Book Review: Some People Need Killing, by Patricia Evangelista
'A Memoir of Murder in My Country'
The lure of violence is undeniable. The world is a fucked up place full of crime and treachery, and all sorts of people who have crossed one line or another. It's often tempting to think that some surgically applied violence could make the planet a better place. But who gets to decide who the bad guys are? If absolute power corrupts absolutely, who should wield the power of death?
Just three decades after a peaceful democratic revolution had ousted a dictator in the Philippines, a strongman from a privileged background fomented a typhoon of public animosity and rode it into the national palace. His name was Rodrigo Duterte and he promised to rid his country of evil within six months. Instead, he started a campaign of domestic terror that killed thousands of people—mothers and sons and gangsters, and at least one seven-year-old girl.
Duterte's rise to power and the ‘war on drugs’ he unleashed are a case study in the vulnerabilities of democracy in the modern world. How easily we give up our freedoms for the pettiest lies. How quickly we relinquish reason to hate almost any common enemy. How stubbornly we believe only what confirms our chosen worldview. Lurking underneath all of this is the dark side of social media.
When an aspiring dictator sweeps the popular vote, he has very few natural predators once in office. But Duterte found an adversary in dedicated journalists like Patricia Evangelista, one of many reporters who documented the violence that unfolded under his regime. Evangelista went to hundreds of midnight crime scenes. She interviewed police chiefs, vigilantes, Duterte supporters, and family members of victims. She sat on the floors of cramped homes with a microphone, listening to the trauma of Duterte’s war.
Duterte tapped into the discontent of the masses, focused it on the specter of meth-addicts and criminals, and whipped it into a fury at his rallies and online. His followers spread the gospel of national salvation through murder on social media. He created a national bloodsport in which cops, former communist guerrillas, and a few 'reformed' criminals became gladiators with a license to kill. And he did it all from within the walled garden of democracy.

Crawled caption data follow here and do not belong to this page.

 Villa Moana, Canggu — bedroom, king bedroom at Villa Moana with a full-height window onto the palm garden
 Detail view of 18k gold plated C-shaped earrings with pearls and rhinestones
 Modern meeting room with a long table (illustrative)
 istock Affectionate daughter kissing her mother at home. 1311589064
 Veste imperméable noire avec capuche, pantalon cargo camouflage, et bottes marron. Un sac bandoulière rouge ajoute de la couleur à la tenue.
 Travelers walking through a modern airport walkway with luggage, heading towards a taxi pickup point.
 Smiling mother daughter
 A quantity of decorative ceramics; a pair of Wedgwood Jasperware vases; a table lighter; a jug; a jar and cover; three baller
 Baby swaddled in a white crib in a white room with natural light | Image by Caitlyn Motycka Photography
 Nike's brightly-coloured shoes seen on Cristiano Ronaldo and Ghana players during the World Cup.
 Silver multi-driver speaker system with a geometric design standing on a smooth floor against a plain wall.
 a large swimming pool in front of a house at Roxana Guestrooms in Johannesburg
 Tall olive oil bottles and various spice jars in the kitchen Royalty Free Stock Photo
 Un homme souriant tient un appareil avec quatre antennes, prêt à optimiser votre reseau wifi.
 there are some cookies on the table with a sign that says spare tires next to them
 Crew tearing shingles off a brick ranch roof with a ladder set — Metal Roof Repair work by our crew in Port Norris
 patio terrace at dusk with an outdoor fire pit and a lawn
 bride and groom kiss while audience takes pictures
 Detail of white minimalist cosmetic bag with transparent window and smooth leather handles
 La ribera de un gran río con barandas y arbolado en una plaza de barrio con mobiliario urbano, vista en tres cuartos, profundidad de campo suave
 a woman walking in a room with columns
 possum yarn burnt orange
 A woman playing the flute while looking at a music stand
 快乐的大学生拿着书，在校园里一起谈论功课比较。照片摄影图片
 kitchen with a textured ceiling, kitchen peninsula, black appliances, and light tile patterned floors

One of the few counterweights to the abuse of power is gritty, detail-oriented journalism for the public good. It mostly isn't sexy work, and in some cases it can be grueling and dangerous. It’s also the lifeblood of democracy. Some People Need Killing is a monument to that kind of reporting, and a gracefully told story of heroism, loss, and humanity. In an era of chaos and insanity, books like Evangelista’s are a desperately needed antidote.